Winning elections is an important part of democracy, and claiming a mandate from the Japanese people is part of the process of changing Japan’s political system. In Tokyo over the past couple of weeks, I sensed a very different energy in this campaign than we all felt last summer when the Japanese public gave the new DPJ a stunning victory at the Lower House polls. The single-member districts were clearly the focal point—and the LDP was all out. Sadakazu Tanigaki, who normally does not exude the kind of charisma and energy that campaigners like to draw on, was bounding throughout the country—looking 20 years younger than his 65 years, and conveying a real sense that the LDP was sorry for letting people down. On the other hand, the DPJ looked as if they were fighting with one hand tied behind their back—and undoubtedly the very apparent differences on the campaign trail between the prime minister and his party leadership and Ichiro Ozawa on the consumption tax issue hobbled their ability to rev up their engines this time around.

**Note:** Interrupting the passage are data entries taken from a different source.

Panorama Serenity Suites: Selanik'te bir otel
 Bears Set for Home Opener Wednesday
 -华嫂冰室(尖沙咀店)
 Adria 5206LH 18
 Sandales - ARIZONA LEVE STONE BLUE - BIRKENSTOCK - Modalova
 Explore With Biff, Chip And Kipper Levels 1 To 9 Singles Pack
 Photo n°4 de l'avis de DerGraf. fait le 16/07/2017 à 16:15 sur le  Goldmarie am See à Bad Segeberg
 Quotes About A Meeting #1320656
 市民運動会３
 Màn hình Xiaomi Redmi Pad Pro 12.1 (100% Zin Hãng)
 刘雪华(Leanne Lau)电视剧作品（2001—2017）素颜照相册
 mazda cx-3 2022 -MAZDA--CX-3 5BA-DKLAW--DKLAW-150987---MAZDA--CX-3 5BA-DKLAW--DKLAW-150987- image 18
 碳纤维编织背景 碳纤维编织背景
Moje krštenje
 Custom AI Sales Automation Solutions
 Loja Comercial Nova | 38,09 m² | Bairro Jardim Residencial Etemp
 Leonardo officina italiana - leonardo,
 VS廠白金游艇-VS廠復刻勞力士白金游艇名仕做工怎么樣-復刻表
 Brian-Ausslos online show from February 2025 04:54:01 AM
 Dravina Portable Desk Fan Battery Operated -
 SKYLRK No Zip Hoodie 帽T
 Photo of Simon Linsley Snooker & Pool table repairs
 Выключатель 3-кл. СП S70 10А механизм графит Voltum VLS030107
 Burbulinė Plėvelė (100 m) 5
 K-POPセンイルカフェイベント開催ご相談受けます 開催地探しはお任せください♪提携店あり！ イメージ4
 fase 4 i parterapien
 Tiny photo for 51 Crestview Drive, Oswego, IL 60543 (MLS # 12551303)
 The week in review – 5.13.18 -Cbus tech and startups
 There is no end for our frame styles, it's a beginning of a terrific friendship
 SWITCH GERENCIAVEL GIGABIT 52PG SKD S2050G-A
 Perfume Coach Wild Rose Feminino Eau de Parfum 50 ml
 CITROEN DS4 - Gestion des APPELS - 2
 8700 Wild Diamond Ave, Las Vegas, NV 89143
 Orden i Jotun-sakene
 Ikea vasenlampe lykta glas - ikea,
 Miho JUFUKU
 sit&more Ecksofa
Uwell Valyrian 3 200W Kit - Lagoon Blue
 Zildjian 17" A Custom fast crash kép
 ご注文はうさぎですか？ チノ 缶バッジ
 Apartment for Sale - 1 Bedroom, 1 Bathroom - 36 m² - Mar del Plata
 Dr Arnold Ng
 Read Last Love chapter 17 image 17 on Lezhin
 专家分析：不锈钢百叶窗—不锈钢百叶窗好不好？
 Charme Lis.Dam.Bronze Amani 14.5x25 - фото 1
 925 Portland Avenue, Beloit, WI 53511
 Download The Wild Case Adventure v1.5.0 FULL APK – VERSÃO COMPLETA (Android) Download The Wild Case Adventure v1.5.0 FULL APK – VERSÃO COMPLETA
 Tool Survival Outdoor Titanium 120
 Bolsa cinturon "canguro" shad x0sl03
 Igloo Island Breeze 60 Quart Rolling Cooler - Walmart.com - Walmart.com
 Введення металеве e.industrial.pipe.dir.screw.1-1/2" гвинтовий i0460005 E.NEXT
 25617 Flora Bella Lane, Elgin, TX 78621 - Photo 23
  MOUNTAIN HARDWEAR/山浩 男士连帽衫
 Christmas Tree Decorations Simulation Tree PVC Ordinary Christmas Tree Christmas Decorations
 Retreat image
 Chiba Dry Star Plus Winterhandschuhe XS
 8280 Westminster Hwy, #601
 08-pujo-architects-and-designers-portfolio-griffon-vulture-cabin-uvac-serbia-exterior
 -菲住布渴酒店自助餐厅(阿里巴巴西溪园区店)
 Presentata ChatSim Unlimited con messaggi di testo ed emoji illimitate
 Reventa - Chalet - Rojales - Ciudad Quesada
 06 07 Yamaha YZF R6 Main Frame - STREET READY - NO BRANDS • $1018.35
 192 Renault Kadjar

But it is also true that Japanese voters—as is usual for Upper House elections—chastened the party in power. This slap on the wrist is more significant today in the context of Japan’s ongoing political transition, and so we have to see how the DPJ and the LDP, as well as these new parties—most notably Minna no To, or Your Party—approach legislative debate over policy differences.
The nervousness over “nejire kokkai” (the twisted Diet) is overblown. The real test of the viability of Japan’s political transition will be how to wean the policy making process off of the idea that only single party dominance makes sense in Tokyo. It makes sense virtually no where else that sports a parliamentary democracy. So Japan’s politicians if they want to lead in policy making will now have to show their mettle. Can they create viable policy alliances on issues of common concern? Or will they be locked forever into electoral battles for power that effectively freeze the country’s policy making?
The challenge for the DPJ, still the ruling party, will be to read the election results and devise a coalition of leadership that will support policies that ought to help the Japanese people. Highest on that list clearly is economic recovery and improving Japan’s long-term fiscal outlook. To do that an effective and forward looking legislative debate will be needed. The question for the next several weeks is whether or not the DPJ can lead that debate rather than be forced into reacting to opposition critiques of their policies.
For the relationship with the United States, the key will be to focus on an agenda setting effort that will define our shared priorities in the years ahead. We need to look beyond our respective electoral cycles to find policy goals that are supported across party lines in both countries.